And for a while, he seemed to prove it. During its short existence, the Little Landers colony drew hundreds of residents and plenty of national attention while creating a financial system that will sound very familiar today.
Smythe, a New England transplant who accused San Diego of being corrupt, began promoting the idea of Little Landers around 1909. But where to put it? He looked south. Down by the border, “the climate, the fertile soil, the abundance of cheap water, the electric and steam rail network and planned county highway system made conditions ideal for an agricultural boom,” writes historian Lawrence E. Lee.
The idea was that each family would own an acre and live off the surplus crops, which were sold at a market on Sixth Avenue in downtown.
Befitting its socialistic origins, the Little Landers homes, circa 1913, weren’t luxurious. | Source: The Overland Monthly |
Why farm? Because San Diego didn’t have other jobs. “In the bidding for population, suppose a New York lawyer, doctor, dentist, teacher, mechanic or merchant should write for specific information,” Smythe asked a local crowd in 1909, “who of you would take the responsibility of saying, ‘Come, there is a good opening here?’” Nobody answered.
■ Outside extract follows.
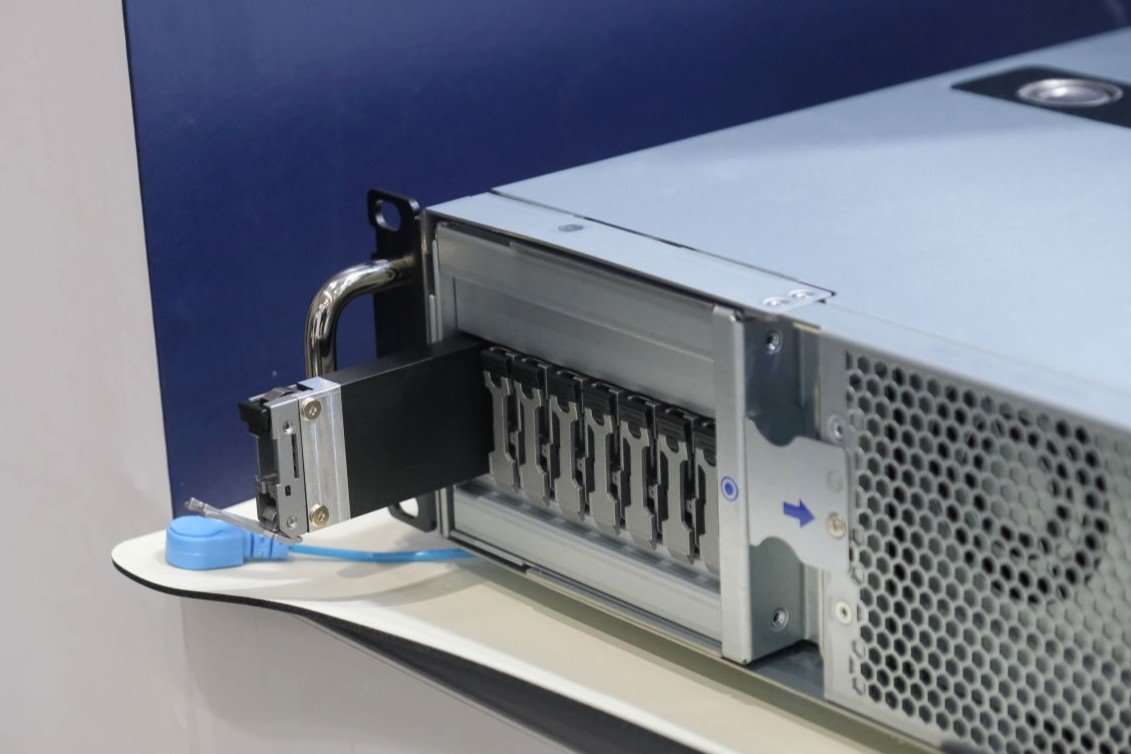 Unigen Poundcake: Capable of mounting up to 16 modules (Photo shows Amaretti E1.S compatible model)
The colony struggled but eventually grew to 300 families, including some that owned more than an acre of property. A name for the larger area came too: San Ysidro, honoring the patron saint of farmers.
“Conspicuous among the colonists are professional people, ministers, teachers, college professors, lawyers, doctors and artists,” reported the Overland Monthly magazine. “Indeed, it is a significant fact that among the best and most successful are found men — and in some cases women — whose former occupations kept them from the land, demonstrating that those with no experience and some brains will do better than the truck gardner of years’ standing with a poor order of mentality.”
The crops in this “land of hope,” as the magazine called it, included oranges, figs, apricots and peaches and vegetables. Residents raised chickens and rabbits too.
Source: Microfilm files of The San Diego Union, 1913, San Diego Public Library |
To raise money, the colonists embraced an approach that sounds similar to a way modern city governments seek to improve rundown neighborhoods: by skimming property tax proceeds. In other words, redevelopment. “As market values in Little Lander real estate increased, this ‘unearned increment’ was captured by the community and diverted to the Improvement Fund,” historian Lee writes. “The board of directors had authority to appropriate sums from the ‘Fund’ for civic improvements such as streets and sidewalks, sewers and public buildings. The ‘Fund’ also, in time of need, could be used to undergird the marketing system and grant loans to individuals.”
The colony seems to have had a decidedly anti-business and left-leaning flavor. A Walt Whitman line about “the dear love of comrades” (later thought to be a possible reference to homosexuality) was even placed above clubhouse fireplaces.
A plaque along one wall said this:
That individual independence shall be achieved by millions of men and women, walking in the sunshine without fear of want.
That in response to the loving labor of their hands, the earth shall answer their prayer: “Give us this day our daily bread.”
That they and their children shall be proprietary rather than tenants, working not for others but for themselves.
That theirs shall be the life of the open-the open sky and the open heart-fragrant with the breath of flowers, more fragrant with the spirit of fellowship which makes the good of one the concern of all, and raises the individual by raising the mass.
On the other hand, the utopians at Little Landers may have lacked a bit of true-believer fervor. Consider its wishy-washy motto: “A Little Land and a Living Surely Is Better than Desperate Struggle and Wealth, Possibly.”
And the colonists certainly weren’t racially progressive. The settlement banned blacks and Asians.
By 1915, reports historian Robert P. Sutton, there were 200 homes and about 500 people in Little Landers. “However, the community was plagued almost from the start by fiscal mismanagement and by the fact that many columnists had no agricultural skills.”
Then the famous 1916 floods came and wiped out dozens of homes in the community. Little Landers and its utopian dream soon vanished, and San Diegans returned to their “desperate struggle” without the distraction of a colony of people who sought more through less.